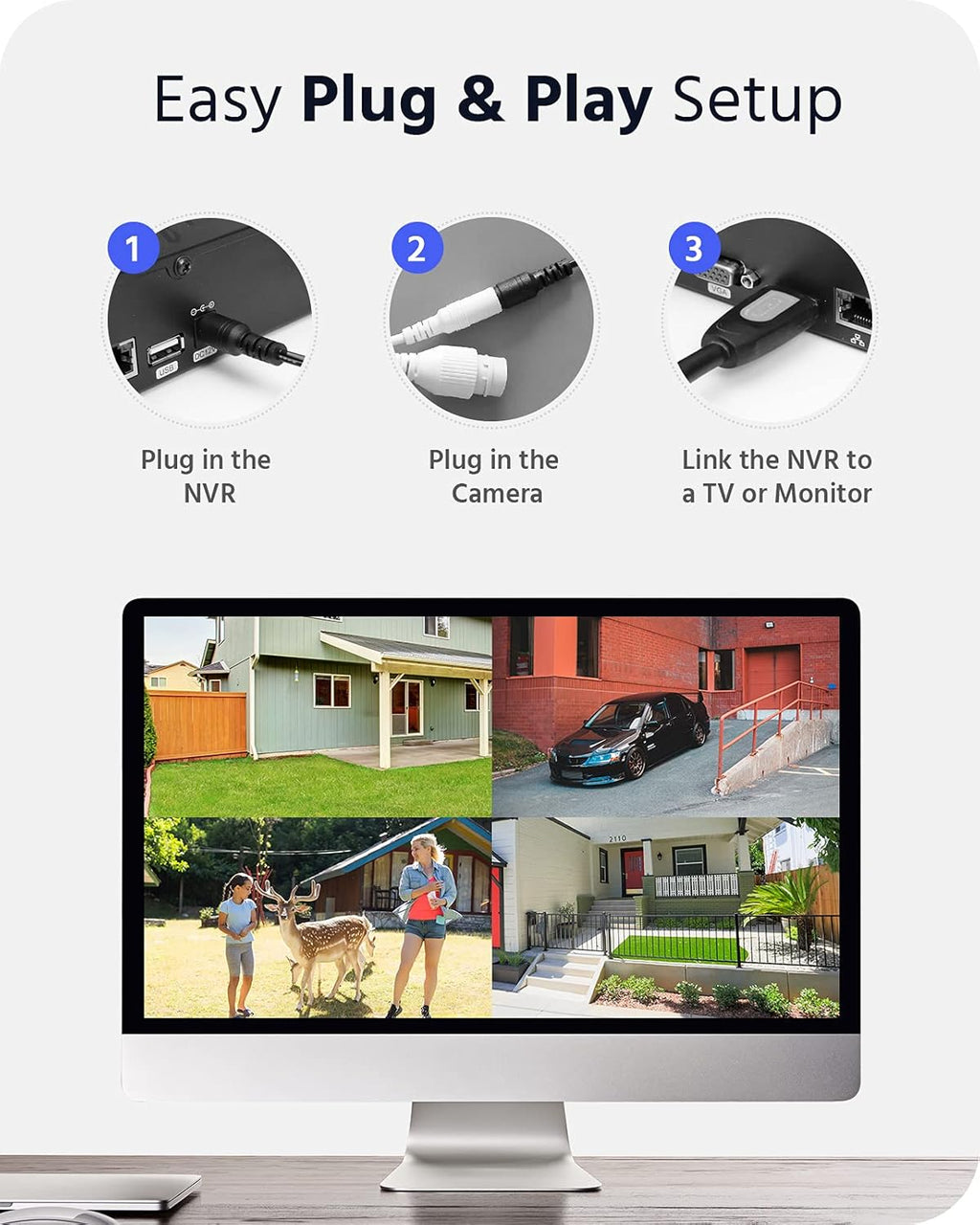 8CH Wireless Security Camera System with 1TB Hard Drive and 8 1440P Outdoor WiFi IP Cameras H170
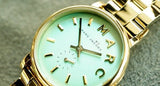 Marc Jacobs Baker Mint Green Dial Gold Steel Strap Watch for Women - MBM3284
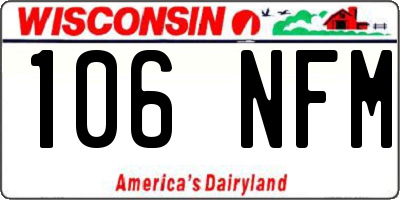 WI license plate 106NFM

____

(What this task involves):
Return every line above exactly, omitting images.

(Solution to the problem):
 8CH Wireless Security Camera System with 1TB Hard Drive and 8 1440P Outdoor WiFi IP Cameras H170
 Marc Jacobs Baker Mint Green Dial Gold Steel Strap Watch for Women - MBM3284
 WI license plate 106NFM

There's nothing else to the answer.